In the present work,in order to explore the reaction mechanisms and kinetics for the hydrogen abstraction of the title reactions and determine whether these reactions are of great importance in the atmosphere,we consider that H2O,FA,and SA catalyzes gas-phase reaction of FCHO with OH using ab initio methods and conventional transition state theory (TST). The present findings not only evaluate the relatively catalytic abilities of the water,FA and SA based on the detailed potential energy surface,but also provide new insights into atmospheric oxidation processes of FCHO. The present results could have potential applications in understanding and elucidating the homogenous reaction processes of FCHO in the atmosphere.

Ⅱ. COMPUTATIONAL METHODS

The calculations herein were performed using the Gaussian 09 program package [40]. Firstly,the geometrical structures of all the reactants,transition states,complexes,and products were optimized at the M06-2X/6-311++G(3df,3pd) level of theory. The M06-2X method is a highnonlocality functional with double the amount of nonlocalexchange (2X) [41],which has been shown to be sufficiently reliable for predicting geometries and frequencies of the stationary points [30, 42, 43, 44]. At the same level,the corresponding frequency calculations of the optimized geometries were also done to prove the characters of minima without imaginary frequency and the transition state with only one imaginary frequency. We also performed the intrinsic reaction coordinate (IRC) [45] calculations at M06-2X/6-311++G(3df,3pd) level of theory in order to determine if a given transition state connects with the desired reactant and product.

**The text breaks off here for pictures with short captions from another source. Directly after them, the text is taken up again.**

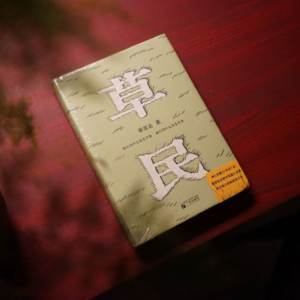 命运就是我们跑出来的路——蔡崇达《草民》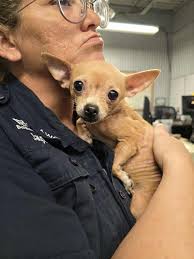 Lucky mutts rescued from pound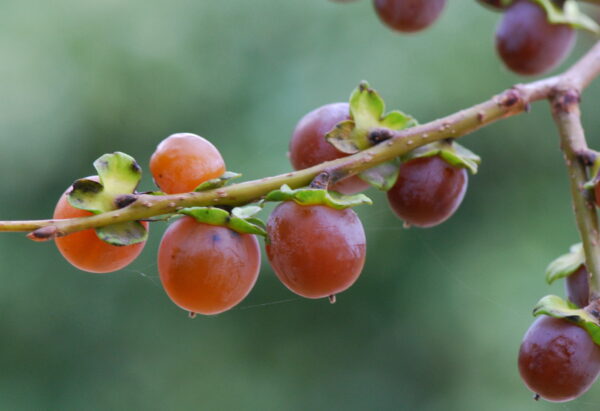 Diospyros lotus - Date Plum, Caucasian Persimmon, Lilac Persimmon - Image 4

Secondly,to refine relative energies,the single point energies were also calculated at the CCSD(T)/6-311++G(3df,3pd) level based on the M06-2X/6-311++G(3df,3pd) optimized geometries using Molpro software [46]. In these calculations,we also took into account the T1 diagnostic [47, 48] in the CCSD wave function to determine the reliability of single-determinant-based methods. According to Rienstra-Kiracofe [48],the CCSD(T) calculation is considered to be reliable when the diagnostic values of the $T$1 of the closed-shell and open-shell species do not exceed the threshold of 0.02 and 0.044,respectively. Additionally,the basis set superposition error (BSSE) for the complexes was evaluated using the counterpoise method by Boys and Bernardi [49] at the M06-2X/6-311++G(3df,3pd) level of theory and the effect of spin-orbit coupling for the OH radical (-0.20 kcal/mol) [50] are considered in this method.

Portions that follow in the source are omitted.